The current challenging market conditions, characterised by falling rates and volumes, justify the asset-light model adopted by IAG Cargo, the European airline group said today as it announced its third-quarter results.
In the three months from 1 July to 30 September, the IAG airline group’s cargo division reported commercial revenue of €238 million, including figures from Aer Lingus, up marginally from the €236 million for the same period last year.
It said that in the third quarter, market conditions “have remained challenging. This has placed pressure on yields, which decreased 4.5% at constant exchange rates, with volumes also finishing 4.7% down on the prior year”.
Steve Gunning, CEO of IAG Cargo, commented: “We have made the point in the past that the air cargo market has established a ‘new normal’, with excess capacity and reduced demand leading to significant price and yield pressures. In Q1, the West Coast port strike in the US gave the air cargo market some respite from this new normal, but the past two quarters have seen a return to more challenging conditions.
“In light of this, our strategy and operational model is more relevant than ever; with a strong focus on cost control, premium products and smart partnerships critical to our success.

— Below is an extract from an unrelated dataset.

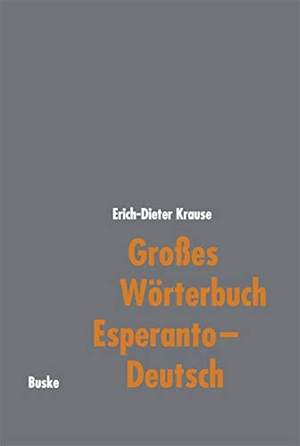 Krause, Erich-Dieter. Großes Wörterbuch Esperanto - Deutsch. Buske Helmut Verlag GmbH, 1999.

We have made good progress over the quarter against all these strategic goals, and our decision to remove our wet-lease freighter capacity from our fleet and focus on a partnership model has proved justified.
“We have also seen our premium product strategy succeed, with particularly strong growth for our important Constant Climate product. Premium products as a whole now represent more of our business than ever, with record revenue and tonnage figures.